**WORK TASK**
Will you write out, word for word, every line from the one with "Topographic Map of Beurys Lake, PA" to the final line of the data below, with the pictures left out?

**DATA TO PROCESS**
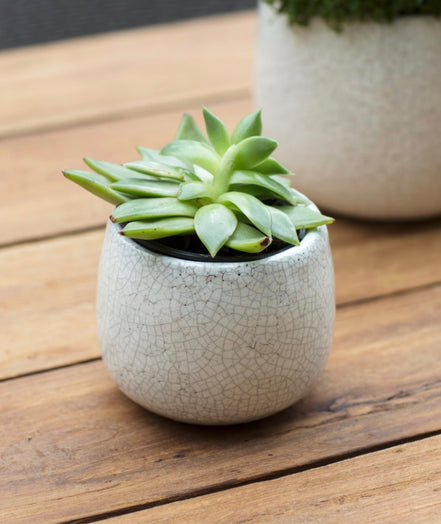 Ravello Pot 11.5cm White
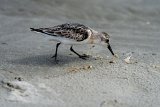 ILCE-7M4-20240913-DSC07478 : 2024, Sunset Beach, animals, beach, birds, sandpiper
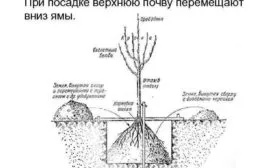 Правила посадки саженцев Яблоня Бельфлёр-китайка10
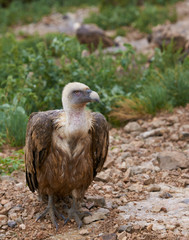 Wild Butre Looking at Camera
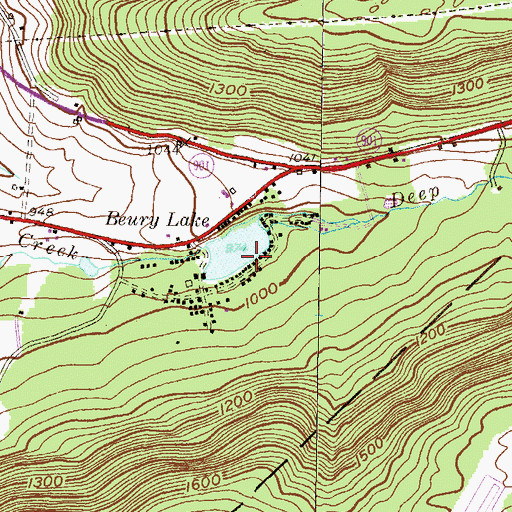 Topographic Map of Beurys Lake, PA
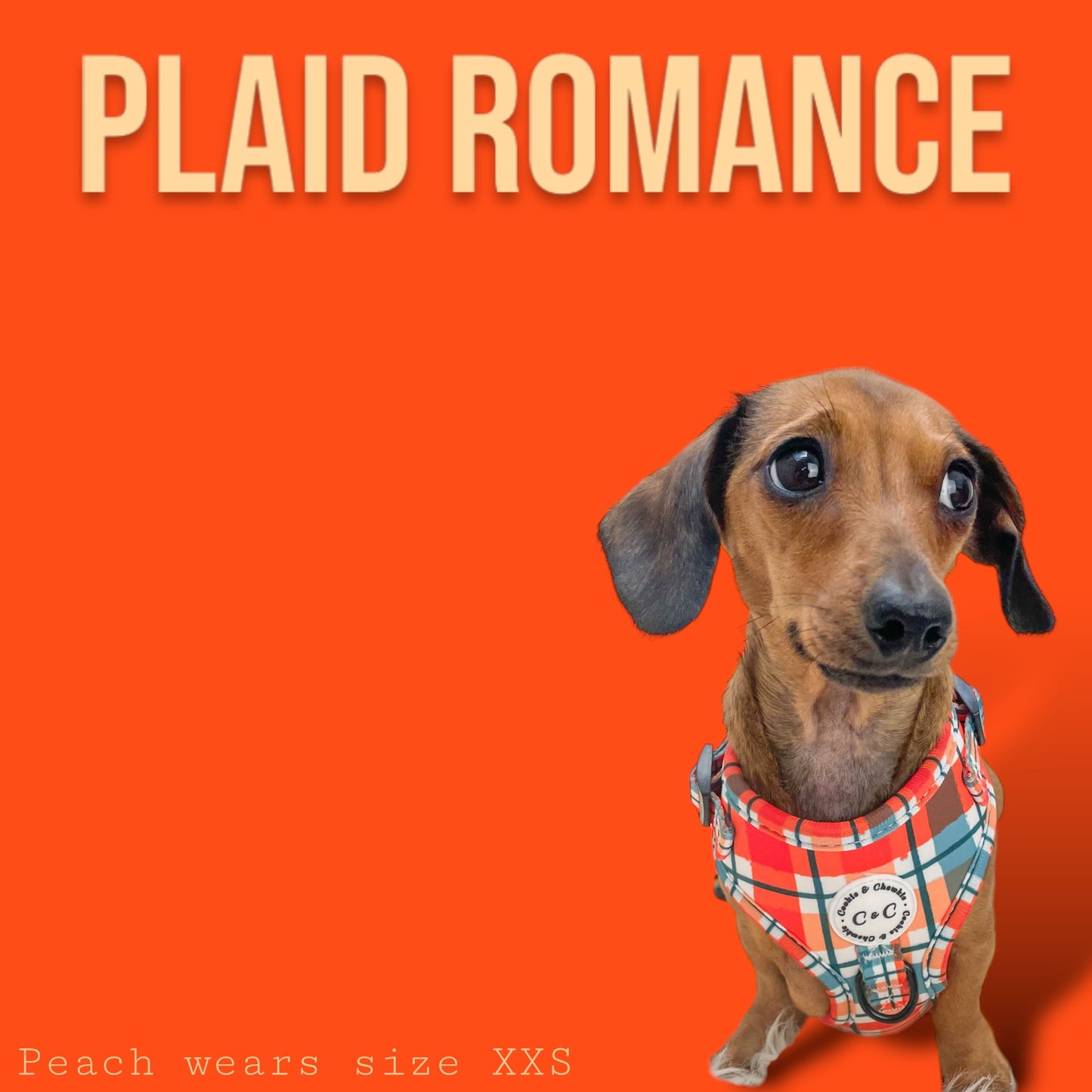 Adjustable Harness - 'Plaid Romance'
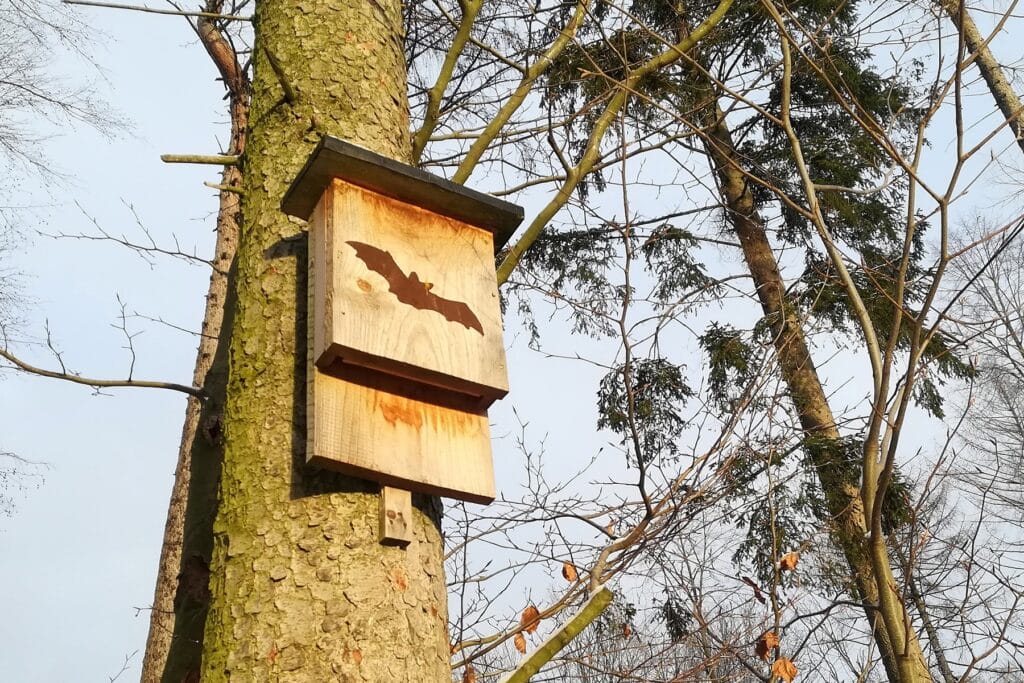 Flachkasten für Waldfledermäuse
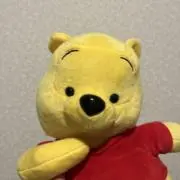 テディの画像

**ANSWER SECTION**
 Topographic Map of Beurys Lake, PA
 Adjustable Harness - 'Plaid Romance'
 Flachkasten für Waldfledermäuse
 テディの画像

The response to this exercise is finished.